======== Recorded data

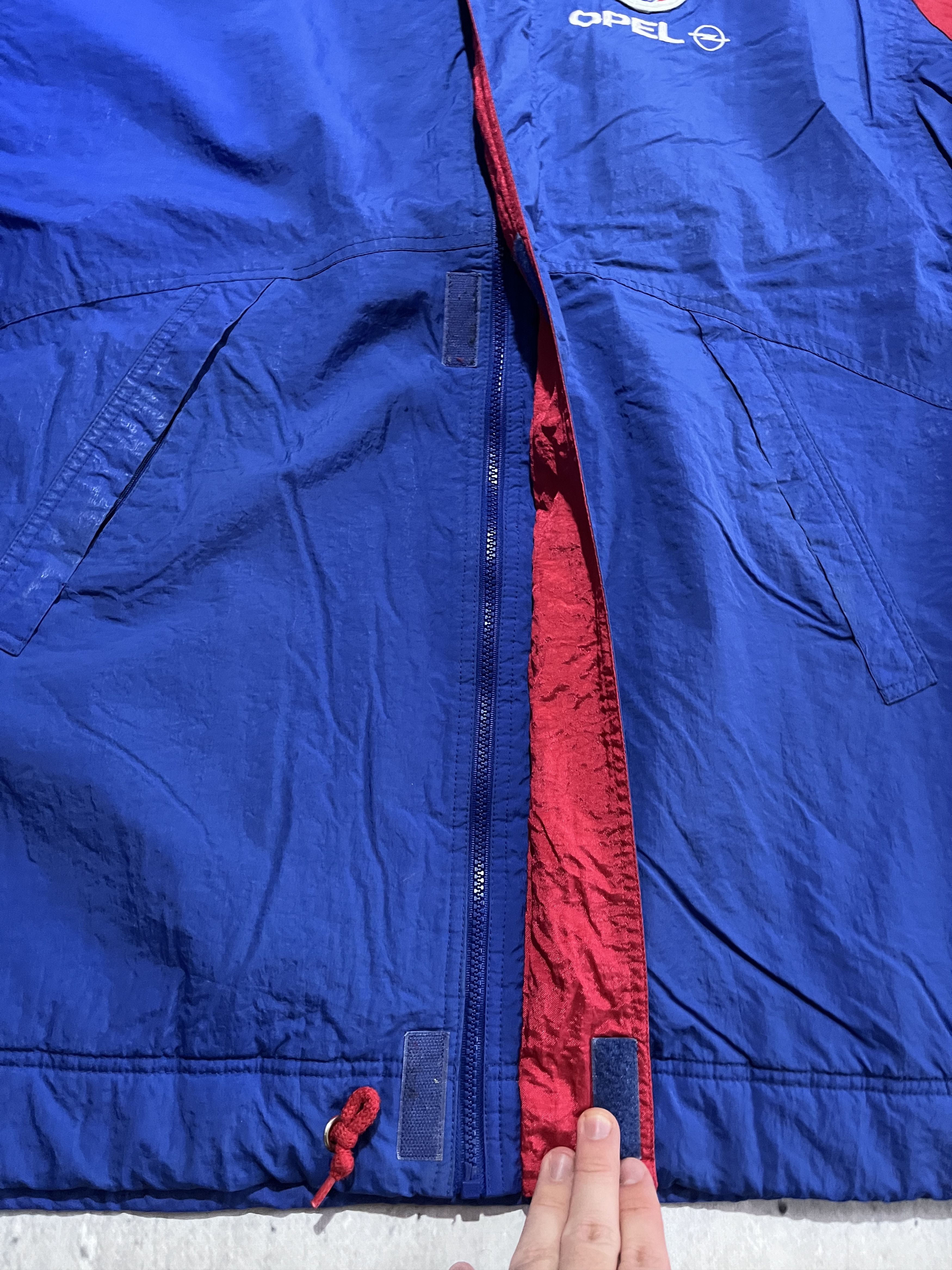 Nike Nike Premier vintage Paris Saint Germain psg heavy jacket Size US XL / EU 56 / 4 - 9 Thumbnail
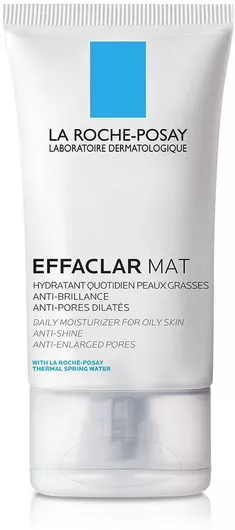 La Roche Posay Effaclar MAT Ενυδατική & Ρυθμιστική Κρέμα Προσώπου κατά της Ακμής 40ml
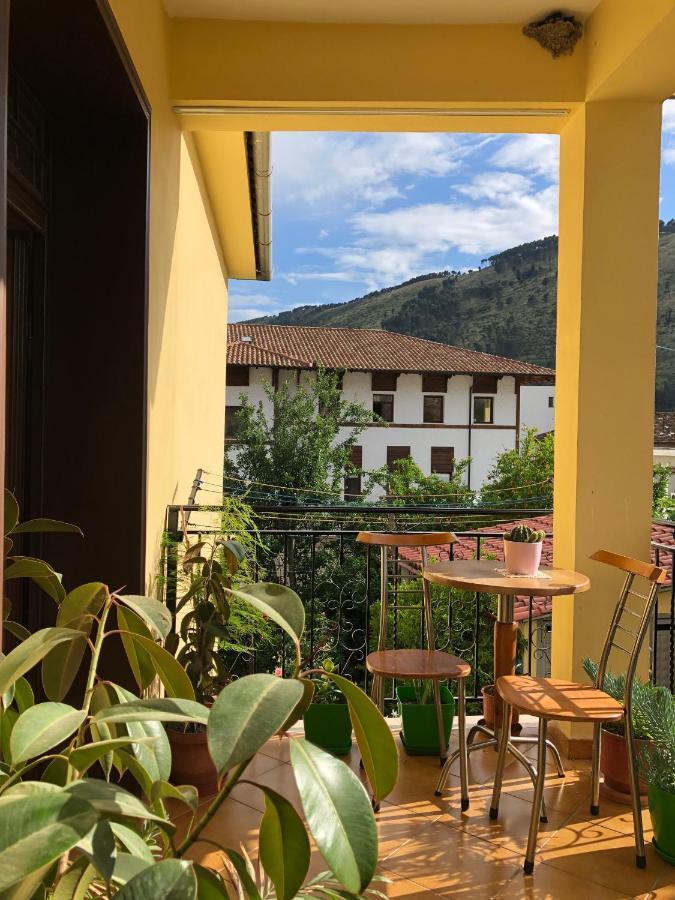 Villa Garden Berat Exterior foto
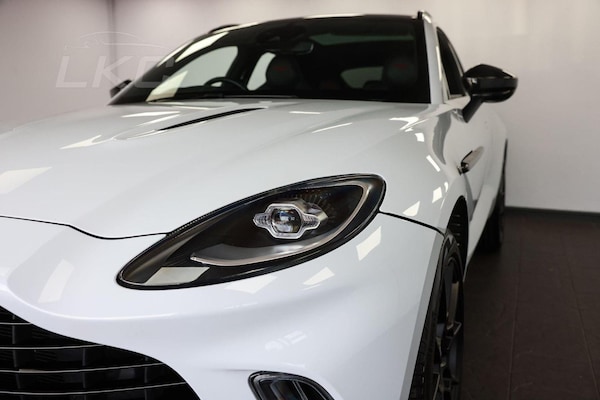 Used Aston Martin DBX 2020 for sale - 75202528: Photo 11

================
======== Recorded data

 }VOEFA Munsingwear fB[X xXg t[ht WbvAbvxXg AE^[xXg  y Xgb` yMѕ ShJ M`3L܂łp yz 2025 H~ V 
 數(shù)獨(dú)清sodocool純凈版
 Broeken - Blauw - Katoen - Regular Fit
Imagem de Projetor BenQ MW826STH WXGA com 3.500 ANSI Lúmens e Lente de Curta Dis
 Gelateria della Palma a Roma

================

◆ Problem statement
Look above for the line with "Nike Nike Premier" and copy exactly from it through the line with "Villa Garden Berat Exterior foto", both included. Omit the pictures.

◆ Reply to the task
 Nike Nike Premier vintage Paris Saint Germain psg heavy jacket Size US XL / EU 56 / 4 - 9 Thumbnail
 La Roche Posay Effaclar MAT Ενυδατική & Ρυθμιστική Κρέμα Προσώπου κατά της Ακμής 40ml
 Villa Garden Berat Exterior foto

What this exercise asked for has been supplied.